## ABOUT THIS TASK
Please repeat, from the entries that follow, the lines from the one containing "The stakehouse getaway" through the one containing "Наручные часы Tissot T026.420.17.281.02" exactly, adding nothing.

Web page caption snippets
_ _ _ _ _ _ _
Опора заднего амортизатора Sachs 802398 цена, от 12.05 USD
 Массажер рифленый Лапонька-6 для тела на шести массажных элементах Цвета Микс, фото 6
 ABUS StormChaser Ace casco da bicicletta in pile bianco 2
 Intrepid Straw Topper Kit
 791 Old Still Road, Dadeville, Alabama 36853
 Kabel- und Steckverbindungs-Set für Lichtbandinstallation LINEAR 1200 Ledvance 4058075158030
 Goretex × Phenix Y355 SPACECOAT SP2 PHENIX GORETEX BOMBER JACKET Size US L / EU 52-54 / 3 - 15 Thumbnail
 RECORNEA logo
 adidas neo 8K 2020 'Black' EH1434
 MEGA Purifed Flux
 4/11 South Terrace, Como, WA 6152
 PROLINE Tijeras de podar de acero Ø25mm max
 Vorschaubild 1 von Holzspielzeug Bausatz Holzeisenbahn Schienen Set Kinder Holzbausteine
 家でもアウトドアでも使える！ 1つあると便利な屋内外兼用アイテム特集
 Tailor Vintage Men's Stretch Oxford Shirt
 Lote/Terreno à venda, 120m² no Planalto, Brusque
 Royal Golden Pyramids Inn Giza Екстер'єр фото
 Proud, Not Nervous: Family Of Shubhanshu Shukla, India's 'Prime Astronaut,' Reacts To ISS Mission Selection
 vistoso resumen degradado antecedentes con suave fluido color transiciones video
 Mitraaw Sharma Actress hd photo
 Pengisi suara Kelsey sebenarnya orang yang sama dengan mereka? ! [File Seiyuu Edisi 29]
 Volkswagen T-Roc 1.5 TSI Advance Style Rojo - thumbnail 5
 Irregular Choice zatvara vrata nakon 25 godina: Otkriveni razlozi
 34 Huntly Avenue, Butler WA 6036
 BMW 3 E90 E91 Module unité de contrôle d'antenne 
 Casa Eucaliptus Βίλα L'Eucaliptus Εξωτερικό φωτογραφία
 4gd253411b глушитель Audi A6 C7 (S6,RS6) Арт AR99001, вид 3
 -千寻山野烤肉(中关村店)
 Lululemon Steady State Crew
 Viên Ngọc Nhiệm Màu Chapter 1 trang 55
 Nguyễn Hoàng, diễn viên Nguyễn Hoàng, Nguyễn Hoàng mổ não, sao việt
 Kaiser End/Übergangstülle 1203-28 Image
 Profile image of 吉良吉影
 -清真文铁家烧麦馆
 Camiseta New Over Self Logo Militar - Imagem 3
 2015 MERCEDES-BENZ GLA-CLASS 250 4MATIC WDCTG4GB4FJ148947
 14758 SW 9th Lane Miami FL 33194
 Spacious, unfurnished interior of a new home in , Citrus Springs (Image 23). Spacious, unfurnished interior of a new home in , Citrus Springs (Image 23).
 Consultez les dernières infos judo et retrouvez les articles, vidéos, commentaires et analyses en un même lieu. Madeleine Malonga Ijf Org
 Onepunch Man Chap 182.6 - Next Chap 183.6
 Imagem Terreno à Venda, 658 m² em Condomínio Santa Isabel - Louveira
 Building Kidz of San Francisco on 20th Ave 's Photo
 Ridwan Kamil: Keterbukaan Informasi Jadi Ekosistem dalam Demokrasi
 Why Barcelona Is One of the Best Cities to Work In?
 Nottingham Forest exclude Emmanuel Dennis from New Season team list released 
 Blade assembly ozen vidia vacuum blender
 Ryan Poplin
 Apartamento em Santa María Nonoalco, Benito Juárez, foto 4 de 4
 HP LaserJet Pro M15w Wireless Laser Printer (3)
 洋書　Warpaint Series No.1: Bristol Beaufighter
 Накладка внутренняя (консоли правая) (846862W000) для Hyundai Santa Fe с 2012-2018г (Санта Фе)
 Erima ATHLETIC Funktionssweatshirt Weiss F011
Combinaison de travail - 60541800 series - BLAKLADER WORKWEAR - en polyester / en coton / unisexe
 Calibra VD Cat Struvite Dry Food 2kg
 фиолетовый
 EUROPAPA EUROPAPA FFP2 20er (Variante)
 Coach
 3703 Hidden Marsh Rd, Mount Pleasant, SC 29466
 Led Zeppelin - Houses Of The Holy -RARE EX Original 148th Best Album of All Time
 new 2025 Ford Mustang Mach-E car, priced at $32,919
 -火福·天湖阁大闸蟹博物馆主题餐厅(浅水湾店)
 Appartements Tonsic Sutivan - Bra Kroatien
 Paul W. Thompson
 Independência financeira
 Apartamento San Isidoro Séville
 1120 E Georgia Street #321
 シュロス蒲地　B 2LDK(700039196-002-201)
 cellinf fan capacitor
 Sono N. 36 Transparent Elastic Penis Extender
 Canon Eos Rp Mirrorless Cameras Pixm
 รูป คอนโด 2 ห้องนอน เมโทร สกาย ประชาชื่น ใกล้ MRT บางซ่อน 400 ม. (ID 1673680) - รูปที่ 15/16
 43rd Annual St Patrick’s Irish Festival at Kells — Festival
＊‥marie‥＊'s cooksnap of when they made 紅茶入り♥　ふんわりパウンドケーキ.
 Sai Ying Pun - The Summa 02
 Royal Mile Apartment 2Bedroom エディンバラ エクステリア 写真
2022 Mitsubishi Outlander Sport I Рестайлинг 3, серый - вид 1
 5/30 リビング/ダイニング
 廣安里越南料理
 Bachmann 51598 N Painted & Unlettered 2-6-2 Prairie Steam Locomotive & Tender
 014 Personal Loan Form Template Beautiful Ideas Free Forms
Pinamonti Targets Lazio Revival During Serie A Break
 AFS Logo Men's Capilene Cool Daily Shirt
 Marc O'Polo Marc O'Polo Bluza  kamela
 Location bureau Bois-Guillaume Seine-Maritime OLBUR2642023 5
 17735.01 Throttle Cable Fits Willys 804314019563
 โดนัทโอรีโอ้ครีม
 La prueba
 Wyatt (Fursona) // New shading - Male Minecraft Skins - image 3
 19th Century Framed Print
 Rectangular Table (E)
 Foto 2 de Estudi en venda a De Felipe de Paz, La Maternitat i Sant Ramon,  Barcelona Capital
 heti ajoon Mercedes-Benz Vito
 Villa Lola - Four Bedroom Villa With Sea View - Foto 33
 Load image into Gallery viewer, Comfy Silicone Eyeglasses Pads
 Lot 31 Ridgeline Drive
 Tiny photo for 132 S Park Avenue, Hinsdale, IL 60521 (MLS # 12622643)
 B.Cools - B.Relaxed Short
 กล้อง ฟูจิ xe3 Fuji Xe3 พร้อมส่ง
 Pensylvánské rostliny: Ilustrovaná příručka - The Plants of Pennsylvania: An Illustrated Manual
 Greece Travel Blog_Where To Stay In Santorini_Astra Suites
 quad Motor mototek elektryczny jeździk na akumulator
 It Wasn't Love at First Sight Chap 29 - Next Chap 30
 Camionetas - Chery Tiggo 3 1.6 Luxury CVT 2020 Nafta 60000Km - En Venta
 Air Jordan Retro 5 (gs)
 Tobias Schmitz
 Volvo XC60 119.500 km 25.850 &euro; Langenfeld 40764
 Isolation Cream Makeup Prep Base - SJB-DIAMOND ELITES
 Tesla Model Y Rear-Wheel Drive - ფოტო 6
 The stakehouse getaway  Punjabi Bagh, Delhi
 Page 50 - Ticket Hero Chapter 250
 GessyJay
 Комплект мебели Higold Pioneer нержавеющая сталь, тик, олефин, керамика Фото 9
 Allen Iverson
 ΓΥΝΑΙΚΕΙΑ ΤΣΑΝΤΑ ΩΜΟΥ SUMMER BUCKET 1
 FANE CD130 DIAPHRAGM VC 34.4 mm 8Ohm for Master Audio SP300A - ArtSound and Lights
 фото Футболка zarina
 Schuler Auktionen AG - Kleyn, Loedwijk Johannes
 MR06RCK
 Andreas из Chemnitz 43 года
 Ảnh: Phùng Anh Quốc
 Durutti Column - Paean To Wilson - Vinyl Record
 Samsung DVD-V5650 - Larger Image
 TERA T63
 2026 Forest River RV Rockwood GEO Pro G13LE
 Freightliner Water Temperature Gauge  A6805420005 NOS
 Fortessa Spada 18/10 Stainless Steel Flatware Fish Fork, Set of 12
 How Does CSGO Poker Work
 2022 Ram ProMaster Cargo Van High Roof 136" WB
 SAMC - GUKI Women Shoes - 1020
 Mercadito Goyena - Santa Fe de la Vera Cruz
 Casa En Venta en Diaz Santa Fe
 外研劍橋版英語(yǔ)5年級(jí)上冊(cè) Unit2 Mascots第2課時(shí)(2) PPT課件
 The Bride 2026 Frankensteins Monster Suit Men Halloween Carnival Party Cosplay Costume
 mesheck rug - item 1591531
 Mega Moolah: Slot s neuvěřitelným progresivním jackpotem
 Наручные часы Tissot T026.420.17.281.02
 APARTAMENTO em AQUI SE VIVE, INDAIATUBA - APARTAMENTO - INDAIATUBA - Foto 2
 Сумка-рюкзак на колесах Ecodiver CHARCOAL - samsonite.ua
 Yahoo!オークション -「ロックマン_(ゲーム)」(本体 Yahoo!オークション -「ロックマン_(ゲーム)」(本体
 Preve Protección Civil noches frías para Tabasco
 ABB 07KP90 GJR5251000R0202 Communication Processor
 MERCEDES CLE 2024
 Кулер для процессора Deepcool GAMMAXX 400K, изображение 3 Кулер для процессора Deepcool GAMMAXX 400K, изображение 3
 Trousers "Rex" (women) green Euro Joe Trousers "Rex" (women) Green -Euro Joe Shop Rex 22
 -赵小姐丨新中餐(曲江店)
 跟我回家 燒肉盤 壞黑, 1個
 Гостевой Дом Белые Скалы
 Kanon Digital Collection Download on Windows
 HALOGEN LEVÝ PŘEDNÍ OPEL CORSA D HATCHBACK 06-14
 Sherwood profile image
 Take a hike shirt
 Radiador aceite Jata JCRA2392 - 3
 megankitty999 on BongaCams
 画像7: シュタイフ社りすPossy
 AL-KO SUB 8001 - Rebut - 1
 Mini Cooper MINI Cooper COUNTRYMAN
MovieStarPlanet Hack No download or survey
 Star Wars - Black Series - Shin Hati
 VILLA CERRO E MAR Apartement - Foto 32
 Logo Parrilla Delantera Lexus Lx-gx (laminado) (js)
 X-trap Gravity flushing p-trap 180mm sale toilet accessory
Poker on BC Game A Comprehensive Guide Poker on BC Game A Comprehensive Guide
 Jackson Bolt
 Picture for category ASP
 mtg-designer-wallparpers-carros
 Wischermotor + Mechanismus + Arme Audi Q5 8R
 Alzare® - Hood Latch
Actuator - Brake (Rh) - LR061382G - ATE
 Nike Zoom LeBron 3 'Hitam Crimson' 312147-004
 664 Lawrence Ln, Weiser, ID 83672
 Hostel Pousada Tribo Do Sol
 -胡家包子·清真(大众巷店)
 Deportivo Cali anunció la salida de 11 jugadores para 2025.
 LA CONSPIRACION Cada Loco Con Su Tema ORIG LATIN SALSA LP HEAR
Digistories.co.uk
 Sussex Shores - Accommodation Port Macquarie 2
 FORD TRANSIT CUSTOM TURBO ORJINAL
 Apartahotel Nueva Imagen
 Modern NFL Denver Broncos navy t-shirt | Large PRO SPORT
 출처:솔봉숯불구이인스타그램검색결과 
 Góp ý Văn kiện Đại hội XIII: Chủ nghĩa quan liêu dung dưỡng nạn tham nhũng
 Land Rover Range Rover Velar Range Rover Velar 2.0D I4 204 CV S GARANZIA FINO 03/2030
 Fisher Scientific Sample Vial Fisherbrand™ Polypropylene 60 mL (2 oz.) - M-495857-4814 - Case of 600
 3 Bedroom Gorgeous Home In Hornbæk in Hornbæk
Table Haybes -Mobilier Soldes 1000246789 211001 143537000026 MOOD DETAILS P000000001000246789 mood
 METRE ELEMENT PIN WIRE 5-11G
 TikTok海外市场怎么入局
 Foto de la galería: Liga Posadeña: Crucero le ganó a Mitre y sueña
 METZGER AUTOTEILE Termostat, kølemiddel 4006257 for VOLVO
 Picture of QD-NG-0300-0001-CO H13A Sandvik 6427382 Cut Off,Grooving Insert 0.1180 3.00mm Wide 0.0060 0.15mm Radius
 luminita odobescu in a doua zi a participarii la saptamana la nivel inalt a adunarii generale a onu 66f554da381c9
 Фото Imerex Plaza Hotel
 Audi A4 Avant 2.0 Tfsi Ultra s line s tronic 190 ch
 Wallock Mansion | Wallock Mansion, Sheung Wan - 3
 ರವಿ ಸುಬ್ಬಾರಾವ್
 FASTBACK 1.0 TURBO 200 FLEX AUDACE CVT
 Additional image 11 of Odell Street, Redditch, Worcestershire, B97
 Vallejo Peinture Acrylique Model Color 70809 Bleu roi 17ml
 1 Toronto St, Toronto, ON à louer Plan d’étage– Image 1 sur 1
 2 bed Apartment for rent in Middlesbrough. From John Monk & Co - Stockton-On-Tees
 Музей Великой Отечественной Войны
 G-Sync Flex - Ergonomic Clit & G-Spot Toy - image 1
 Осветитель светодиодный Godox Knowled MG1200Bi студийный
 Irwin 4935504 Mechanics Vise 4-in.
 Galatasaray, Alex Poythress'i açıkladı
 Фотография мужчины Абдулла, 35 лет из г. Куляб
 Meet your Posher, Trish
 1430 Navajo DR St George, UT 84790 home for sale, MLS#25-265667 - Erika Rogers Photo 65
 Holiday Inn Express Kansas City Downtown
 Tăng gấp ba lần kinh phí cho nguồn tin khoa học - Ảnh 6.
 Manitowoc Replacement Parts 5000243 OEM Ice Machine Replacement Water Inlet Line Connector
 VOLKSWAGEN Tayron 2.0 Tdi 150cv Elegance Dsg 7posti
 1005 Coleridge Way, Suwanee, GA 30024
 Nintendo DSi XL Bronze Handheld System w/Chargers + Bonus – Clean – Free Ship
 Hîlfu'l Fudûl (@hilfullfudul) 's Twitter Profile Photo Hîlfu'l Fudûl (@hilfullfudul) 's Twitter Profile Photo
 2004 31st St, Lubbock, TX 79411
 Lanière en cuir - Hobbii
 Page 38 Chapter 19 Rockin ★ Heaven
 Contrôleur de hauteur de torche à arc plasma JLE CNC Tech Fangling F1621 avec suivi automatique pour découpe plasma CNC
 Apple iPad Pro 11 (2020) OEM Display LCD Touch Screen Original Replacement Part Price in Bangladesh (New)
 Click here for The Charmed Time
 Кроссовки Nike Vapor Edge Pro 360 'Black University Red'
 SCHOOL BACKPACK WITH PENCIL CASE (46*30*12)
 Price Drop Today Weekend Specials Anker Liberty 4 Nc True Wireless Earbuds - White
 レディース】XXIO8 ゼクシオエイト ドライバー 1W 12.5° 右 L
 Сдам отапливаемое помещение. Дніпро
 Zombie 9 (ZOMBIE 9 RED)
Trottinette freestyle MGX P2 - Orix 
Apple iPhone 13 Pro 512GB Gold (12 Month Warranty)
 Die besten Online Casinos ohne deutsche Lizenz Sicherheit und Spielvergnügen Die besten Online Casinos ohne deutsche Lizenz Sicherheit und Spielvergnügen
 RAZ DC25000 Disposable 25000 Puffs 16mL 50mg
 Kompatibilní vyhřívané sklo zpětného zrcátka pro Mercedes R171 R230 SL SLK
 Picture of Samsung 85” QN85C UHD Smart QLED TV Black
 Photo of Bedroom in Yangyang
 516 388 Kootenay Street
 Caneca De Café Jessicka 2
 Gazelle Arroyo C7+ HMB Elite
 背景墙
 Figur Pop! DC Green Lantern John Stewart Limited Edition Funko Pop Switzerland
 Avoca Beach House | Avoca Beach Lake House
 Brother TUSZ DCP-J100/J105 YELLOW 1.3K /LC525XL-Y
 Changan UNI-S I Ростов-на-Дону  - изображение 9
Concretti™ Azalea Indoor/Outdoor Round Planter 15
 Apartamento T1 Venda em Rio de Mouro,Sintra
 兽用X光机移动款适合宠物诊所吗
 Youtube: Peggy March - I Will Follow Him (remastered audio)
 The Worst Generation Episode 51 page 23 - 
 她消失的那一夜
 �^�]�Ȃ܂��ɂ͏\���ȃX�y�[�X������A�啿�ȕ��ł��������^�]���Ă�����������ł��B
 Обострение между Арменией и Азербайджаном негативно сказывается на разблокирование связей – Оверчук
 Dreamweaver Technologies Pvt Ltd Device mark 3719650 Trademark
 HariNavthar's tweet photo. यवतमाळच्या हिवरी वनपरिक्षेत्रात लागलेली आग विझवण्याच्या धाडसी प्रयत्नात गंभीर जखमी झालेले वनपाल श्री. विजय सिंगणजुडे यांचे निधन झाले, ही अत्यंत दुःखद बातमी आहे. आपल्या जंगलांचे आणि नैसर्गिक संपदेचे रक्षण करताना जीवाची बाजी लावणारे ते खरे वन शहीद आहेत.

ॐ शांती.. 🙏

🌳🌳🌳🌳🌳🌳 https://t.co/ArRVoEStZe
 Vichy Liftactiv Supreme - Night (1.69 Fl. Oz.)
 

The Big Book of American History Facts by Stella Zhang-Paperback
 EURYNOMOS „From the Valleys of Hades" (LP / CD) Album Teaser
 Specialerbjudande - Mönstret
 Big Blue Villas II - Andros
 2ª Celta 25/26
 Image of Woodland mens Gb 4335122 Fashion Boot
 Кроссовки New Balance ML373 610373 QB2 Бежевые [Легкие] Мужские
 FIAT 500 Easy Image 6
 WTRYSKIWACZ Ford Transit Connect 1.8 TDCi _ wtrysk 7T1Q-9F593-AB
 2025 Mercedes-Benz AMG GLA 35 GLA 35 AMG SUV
_ _ _ _ _ _ _
## OUTPUT FOR THIS TASK
 The stakehouse getaway  Punjabi Bagh, Delhi
 Page 50 - Ticket Hero Chapter 250
 GessyJay
 Комплект мебели Higold Pioneer нержавеющая сталь, тик, олефин, керамика Фото 9
 Allen Iverson
 ΓΥΝΑΙΚΕΙΑ ΤΣΑΝΤΑ ΩΜΟΥ SUMMER BUCKET 1
 FANE CD130 DIAPHRAGM VC 34.4 mm 8Ohm for Master Audio SP300A - ArtSound and Lights
 фото Футболка zarina
 Schuler Auktionen AG - Kleyn, Loedwijk Johannes
 MR06RCK
 Andreas из Chemnitz 43 года
 Ảnh: Phùng Anh Quốc
 Durutti Column - Paean To Wilson - Vinyl Record
 Samsung DVD-V5650 - Larger Image
 TERA T63
 2026 Forest River RV Rockwood GEO Pro G13LE
 Freightliner Water Temperature Gauge  A6805420005 NOS
 Fortessa Spada 18/10 Stainless Steel Flatware Fish Fork, Set of 12
 How Does CSGO Poker Work
 2022 Ram ProMaster Cargo Van High Roof 136" WB
 SAMC - GUKI Women Shoes - 1020
 Mercadito Goyena - Santa Fe de la Vera Cruz
 Casa En Venta en Diaz Santa Fe
 外研劍橋版英語(yǔ)5年級(jí)上冊(cè) Unit2 Mascots第2課時(shí)(2) PPT課件
 The Bride 2026 Frankensteins Monster Suit Men Halloween Carnival Party Cosplay Costume
 mesheck rug - item 1591531
 Mega Moolah: Slot s neuvěřitelným progresivním jackpotem
 Наручные часы Tissot T026.420.17.281.02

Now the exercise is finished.